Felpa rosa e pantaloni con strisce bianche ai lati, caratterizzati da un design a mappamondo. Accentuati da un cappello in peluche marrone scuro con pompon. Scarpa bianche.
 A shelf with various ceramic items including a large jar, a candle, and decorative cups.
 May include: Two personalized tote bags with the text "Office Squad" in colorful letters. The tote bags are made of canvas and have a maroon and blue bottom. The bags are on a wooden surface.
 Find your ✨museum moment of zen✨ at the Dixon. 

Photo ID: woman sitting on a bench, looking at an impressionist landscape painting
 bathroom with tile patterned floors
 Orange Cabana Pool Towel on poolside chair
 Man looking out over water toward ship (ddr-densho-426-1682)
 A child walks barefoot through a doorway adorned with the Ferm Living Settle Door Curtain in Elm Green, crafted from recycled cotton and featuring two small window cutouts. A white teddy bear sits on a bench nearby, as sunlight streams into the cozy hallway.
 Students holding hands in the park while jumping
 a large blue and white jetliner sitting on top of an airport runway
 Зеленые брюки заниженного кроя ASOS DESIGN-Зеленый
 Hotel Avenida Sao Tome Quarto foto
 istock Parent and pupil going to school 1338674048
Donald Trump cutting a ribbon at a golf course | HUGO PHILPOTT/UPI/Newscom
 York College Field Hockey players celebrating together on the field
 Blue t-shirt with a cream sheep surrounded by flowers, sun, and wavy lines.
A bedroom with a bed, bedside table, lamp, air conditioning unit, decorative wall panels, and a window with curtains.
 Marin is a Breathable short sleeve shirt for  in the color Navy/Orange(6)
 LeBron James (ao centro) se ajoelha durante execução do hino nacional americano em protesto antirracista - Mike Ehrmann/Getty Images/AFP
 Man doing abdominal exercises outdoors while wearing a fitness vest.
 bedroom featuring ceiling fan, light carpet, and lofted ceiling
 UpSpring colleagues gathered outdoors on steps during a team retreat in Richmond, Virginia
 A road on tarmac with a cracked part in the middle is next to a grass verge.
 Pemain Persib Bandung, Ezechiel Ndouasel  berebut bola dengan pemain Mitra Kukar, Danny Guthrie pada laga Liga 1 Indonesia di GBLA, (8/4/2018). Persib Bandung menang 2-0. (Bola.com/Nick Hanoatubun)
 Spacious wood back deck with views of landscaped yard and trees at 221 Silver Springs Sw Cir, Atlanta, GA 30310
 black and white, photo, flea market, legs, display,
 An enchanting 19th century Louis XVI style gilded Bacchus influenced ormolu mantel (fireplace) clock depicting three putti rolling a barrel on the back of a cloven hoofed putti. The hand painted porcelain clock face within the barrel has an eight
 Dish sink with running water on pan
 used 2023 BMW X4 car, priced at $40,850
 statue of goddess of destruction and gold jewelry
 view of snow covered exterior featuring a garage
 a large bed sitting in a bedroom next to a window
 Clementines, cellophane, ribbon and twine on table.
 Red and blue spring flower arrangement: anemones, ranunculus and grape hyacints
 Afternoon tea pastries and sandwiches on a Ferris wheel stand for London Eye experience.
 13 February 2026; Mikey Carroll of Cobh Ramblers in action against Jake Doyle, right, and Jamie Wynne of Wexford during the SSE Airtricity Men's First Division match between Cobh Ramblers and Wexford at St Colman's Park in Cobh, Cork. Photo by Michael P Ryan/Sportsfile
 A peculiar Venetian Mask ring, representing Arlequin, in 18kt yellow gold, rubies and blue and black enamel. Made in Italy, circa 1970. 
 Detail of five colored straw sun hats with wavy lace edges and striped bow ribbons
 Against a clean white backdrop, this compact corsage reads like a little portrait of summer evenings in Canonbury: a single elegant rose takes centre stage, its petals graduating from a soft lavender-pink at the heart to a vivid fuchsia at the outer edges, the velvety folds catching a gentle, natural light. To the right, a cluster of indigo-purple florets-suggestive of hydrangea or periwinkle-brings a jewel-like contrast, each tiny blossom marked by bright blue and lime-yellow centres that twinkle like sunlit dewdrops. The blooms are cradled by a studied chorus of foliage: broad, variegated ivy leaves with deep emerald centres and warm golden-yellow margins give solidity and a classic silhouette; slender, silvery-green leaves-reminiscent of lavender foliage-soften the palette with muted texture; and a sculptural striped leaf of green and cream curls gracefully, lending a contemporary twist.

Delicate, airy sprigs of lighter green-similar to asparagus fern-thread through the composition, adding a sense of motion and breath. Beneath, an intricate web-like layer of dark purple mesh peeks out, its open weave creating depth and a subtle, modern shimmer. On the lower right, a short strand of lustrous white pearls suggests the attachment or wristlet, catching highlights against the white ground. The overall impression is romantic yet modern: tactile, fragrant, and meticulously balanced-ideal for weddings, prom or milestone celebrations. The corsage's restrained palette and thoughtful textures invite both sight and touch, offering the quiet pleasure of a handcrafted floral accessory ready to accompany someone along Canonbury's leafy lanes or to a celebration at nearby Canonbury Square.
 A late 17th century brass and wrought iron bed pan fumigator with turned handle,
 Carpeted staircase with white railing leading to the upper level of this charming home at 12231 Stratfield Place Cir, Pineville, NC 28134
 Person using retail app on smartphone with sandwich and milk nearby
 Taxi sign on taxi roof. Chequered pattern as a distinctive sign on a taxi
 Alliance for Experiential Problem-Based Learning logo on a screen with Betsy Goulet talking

■ **TASK DETAILS**
In the material above, how many lines include the word "outdoors"? State that number alone.

■ **RESPONSE TO THIS TASK**
2